Mudroom Layout Options and Ideas
With a wide range of options, it's important to plan a mudroom layout that works hard for your home.
The type of space your mudroom occupies will determine your possibilities. Here are some common types of layouts and considerations.
If you have one wall, you'll need to think creatively about designing an organizational system that incorporates a lot of needs. It's like a puzzle. You'll need to add up how many people will use the space, what they typically carry in and out, how much space you have, and how many things should be displayed vs. hidden behind doors or in baskets. "At our house, I have a carpet runner and two rows of hooks,” says professional organizer Ruthann Betz-Essinger. "The top hooks include a shelf for my husband to empty his pockets, and the bottom row is the perfect height for kids to hang backpacks."

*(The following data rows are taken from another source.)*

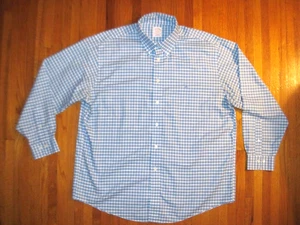 Brooks Brothers Madison blau/weiß kariertes klassisches Oxford Hemd XL neu - Bild 1 von 7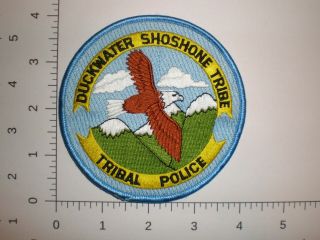 Nv Nevada Duckwater Shoshone Indian Tribe Native American Tribal Police Patch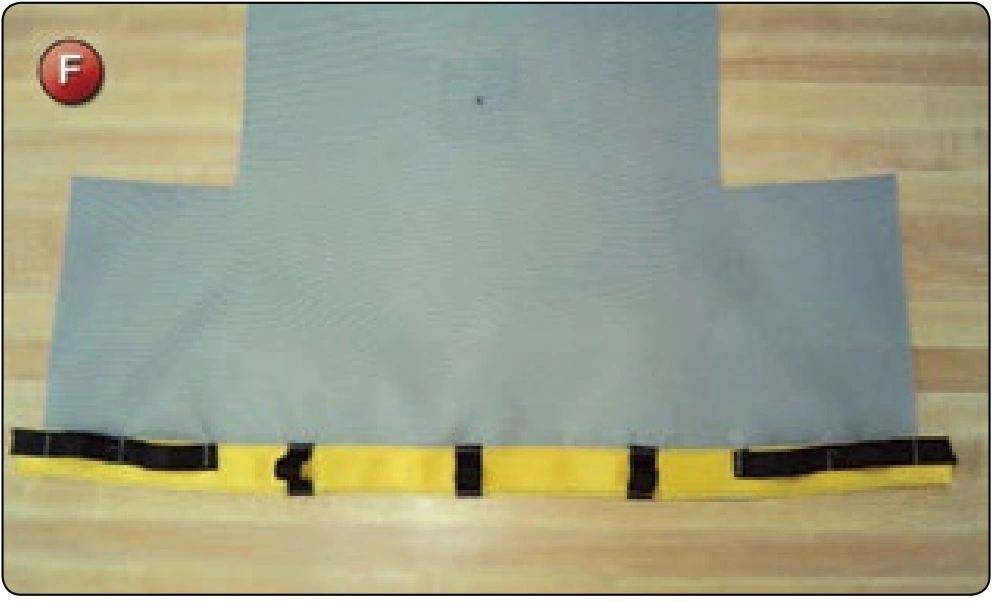 Main Deployment Bag, procedure photograph 11 (source page 7-84).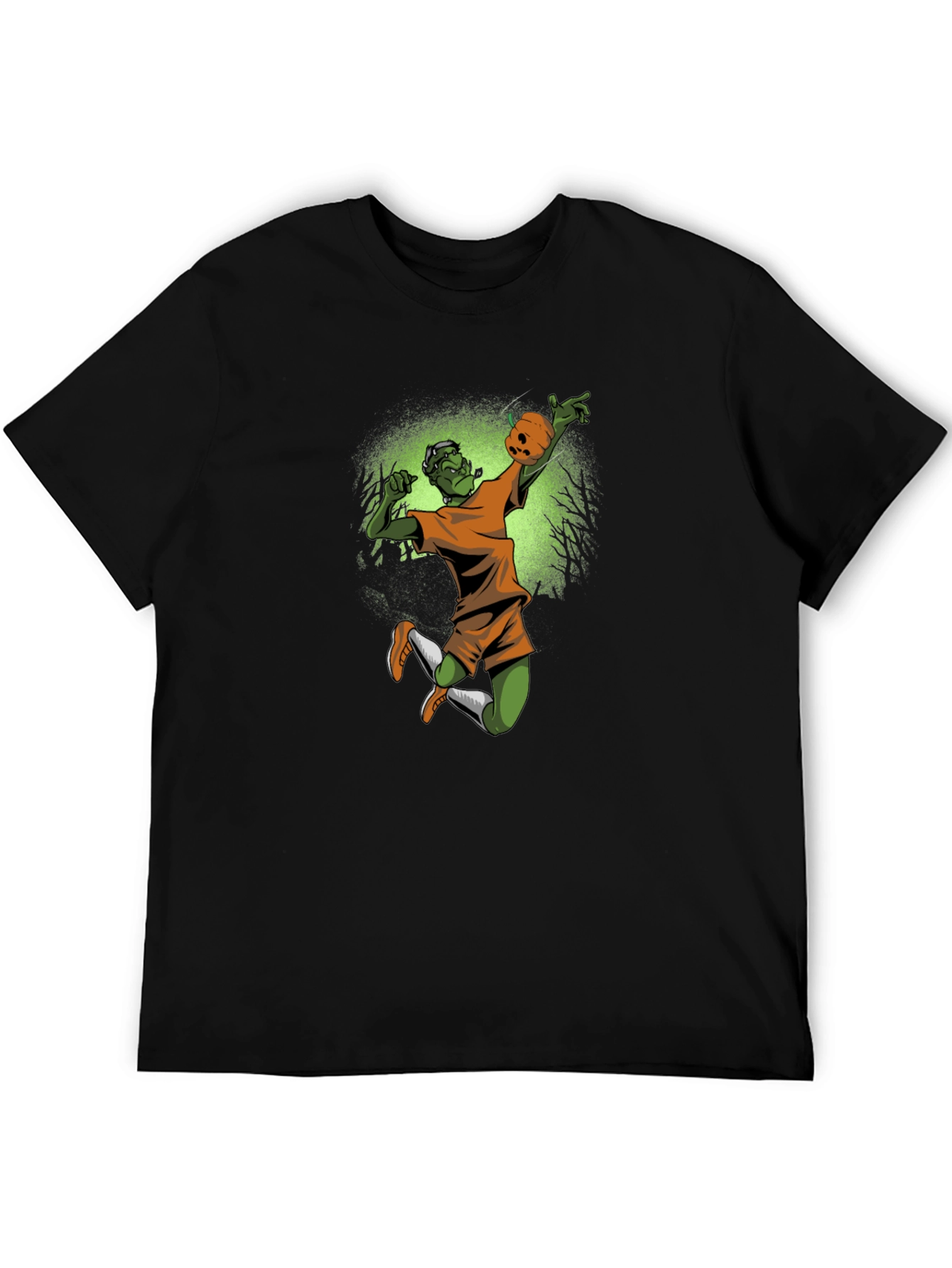 Zombie Football Player Graphic T-Shirt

If you want to include a bit more structure, maybe a piece of furniture, a bench or a wall unit, consider the traffic around the wall. Is it in a hallway or a large room? Are there doorways near it, or windows, and how deep is the space? For a narrow passage, you may be limited to a shallow unit that won't block passersby. In a larger space, you might be able to incorporate a hefty bank of shelving and cabinetry with partitions for each person.
With a well-thought out system inside, a closet can be a good spot to corral all the shoes, jackets, umbrellas, dog leashes and backpacks that get shuffled about.
Small decorative touches make a big impact here once you incorporate shelving, hooks and easily accessible storage.
Toss in a bin for shoes, and hang clear vinyl pockets on the door for organizing small necessities like gloves, scarves, sunglasses, shopping totes, water bottles, maybe even mail and office supplies.
The key is to pick a closet near the door you enter and make it attractive enough that you’ll actually use it as you intended, advises Betz-Essinger.
If you have an entire room, consider yourself lucky. You won't necessarily need to maximize efficiency here, you're only limited by the amount of functions you want to fit into the space.
Look around the room and consider your basic needs. Can you incorporate places for everyday necessities as well as a spot for laundry, household gadgets and supplies? If you have lots of space, can you designate areas for family calendars and bills, pet care and supplies, or maybe even crafts and hobbies like floral arranging, sewing or gift wrapping?
"I like to have a place for everything to go behind closed doors so surfaces can be easily cleaned and larger projects can be done without first finding a place to put the items that you have been storing on the counter or floor to make room," advises designer Eric Schnell of Alan Mascord Design Associates Inc.
Whether petite or cavernous, utility rooms are where the hard work gets done. Often outfitted with a washer and dryer, maybe even a sink, this is a space that can take advantage of storage, with loads of shelving, cabinetry and countertops to take into account.
In addition to personal items that you'll need to grab on your way out the door, this room is home to all sorts of household goods and supplies, so you'll want to consider the best ways to incorporate a variety of functions and needs.
Active families may find they're also able to store soccer balls, skateboards, or even a bike or other sports equipment.